# Source material
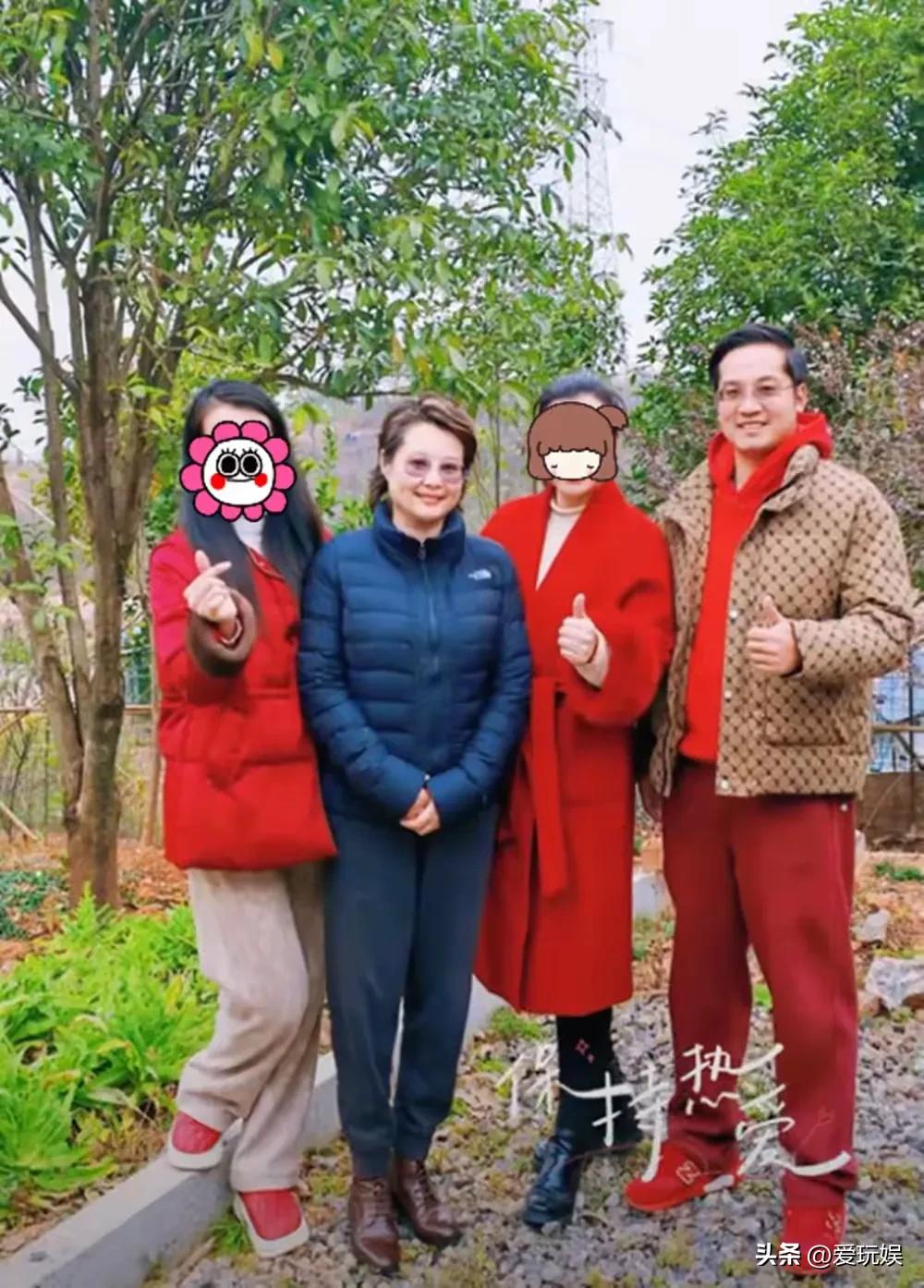 直到看清袁立如今的处境，才明白徐威的“离开”有多精明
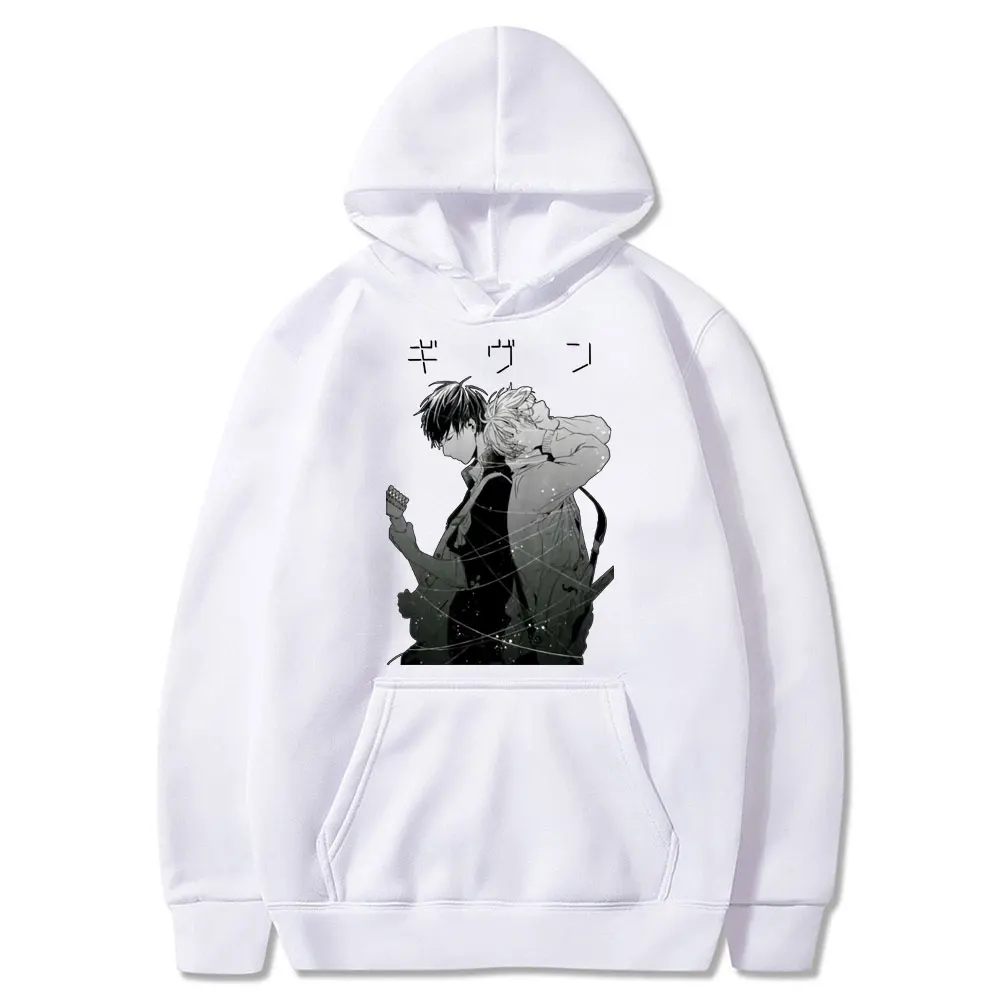 Yaoi Bl Given Yaoi Given Anime Manga Music Hoodie Fashion Men and Women Sweatshirt Long Sleeve Unisex Hoodies Streetwear Tops
Yaoi Bl Given Yaoi Given Anime Manga Music Hoodie Fashion Men and Women Sweatshirt Long Sleeve Unisex Hoodies Streetwear Tops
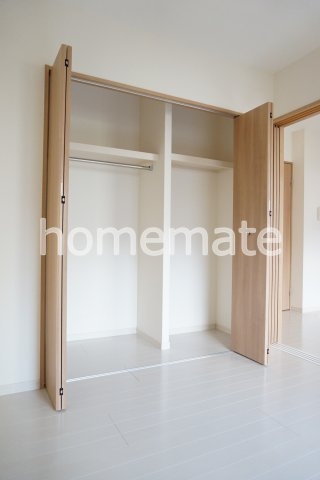 サングランデ水前寺の収納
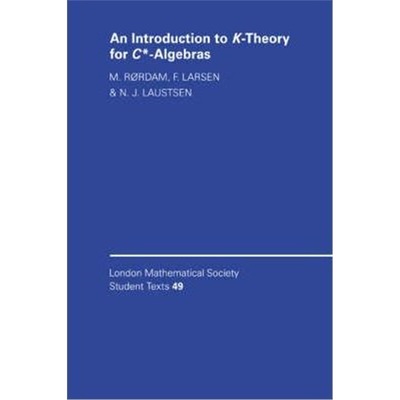 预订An Introduction to K-Theory for C*-Algebras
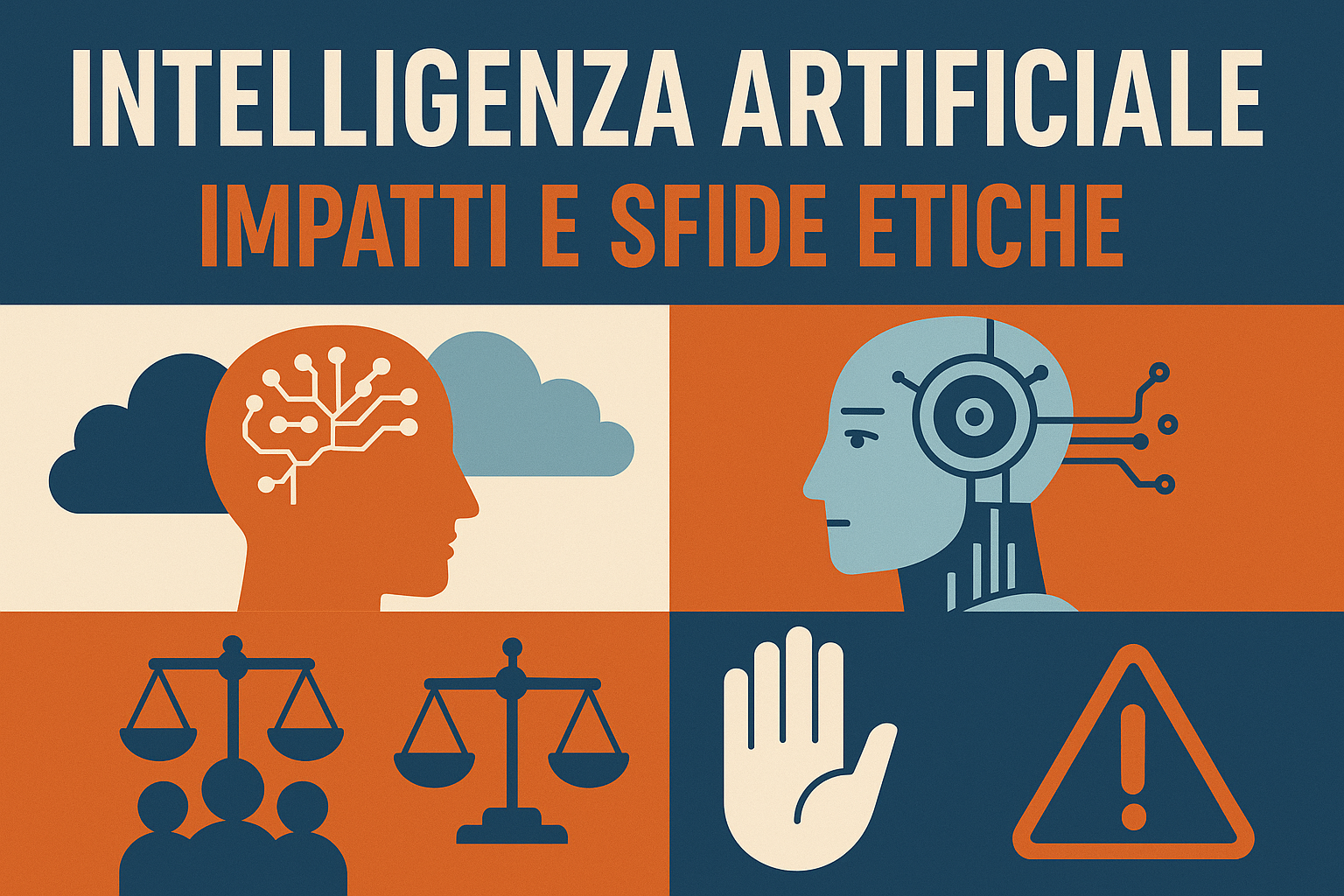 Cosa non ti dicono mai sui dilemmi etici dell’intelligenza artificiale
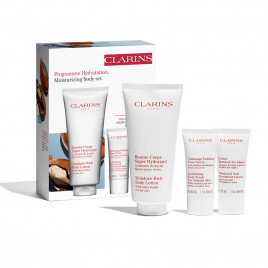 Corps Hydratation | Coffret Programme Hydratation corps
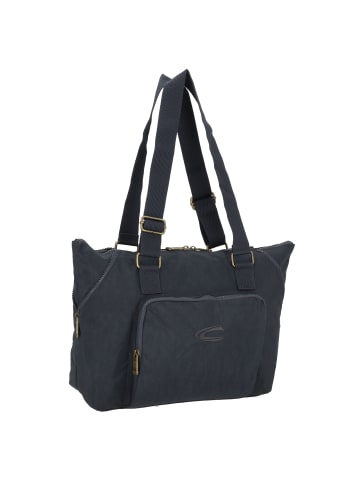 Camel Active Journey Shopper Tasche 47 cm in dark blue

# Activity
When you write out the material, keep every line exact and leave out each picture.

# Response to this exercise
 直到看清袁立如今的处境，才明白徐威的“离开”有多精明
 Yaoi Bl Given Yaoi Given Anime Manga Music Hoodie Fashion Men and Women Sweatshirt Long Sleeve Unisex Hoodies Streetwear Tops
Yaoi Bl Given Yaoi Given Anime Manga Music Hoodie Fashion Men and Women Sweatshirt Long Sleeve Unisex Hoodies Streetwear Tops
 サングランデ水前寺の収納
 预订An Introduction to K-Theory for C*-Algebras
 Cosa non ti dicono mai sui dilemmi etici dell’intelligenza artificiale
 Corps Hydratation | Coffret Programme Hydratation corps
 Camel Active Journey Shopper Tasche 47 cm in dark blue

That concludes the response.